====== INPUT DATA

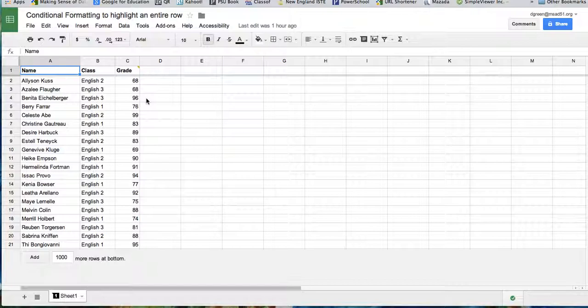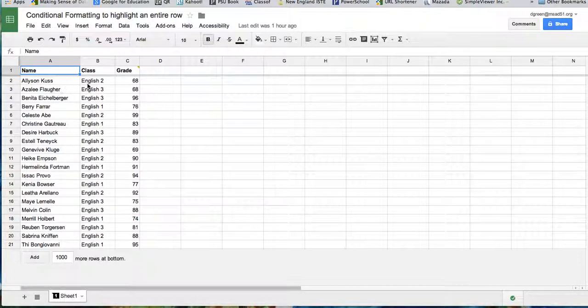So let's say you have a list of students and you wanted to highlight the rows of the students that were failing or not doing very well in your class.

============
====== INPUT DATA

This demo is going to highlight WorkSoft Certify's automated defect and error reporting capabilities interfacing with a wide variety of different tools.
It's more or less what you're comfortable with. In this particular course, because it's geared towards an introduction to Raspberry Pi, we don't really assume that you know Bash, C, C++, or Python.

============

Search the entries above for the word "with" and copy each line where it appears.

This demo is going to highlight WorkSoft Certify's automated defect and error reporting capabilities interfacing with a wide variety of different tools.
It's more or less what you're comfortable with. In this particular course, because it's geared towards an introduction to Raspberry Pi, we don't really assume that you know Bash, C, C++, or Python.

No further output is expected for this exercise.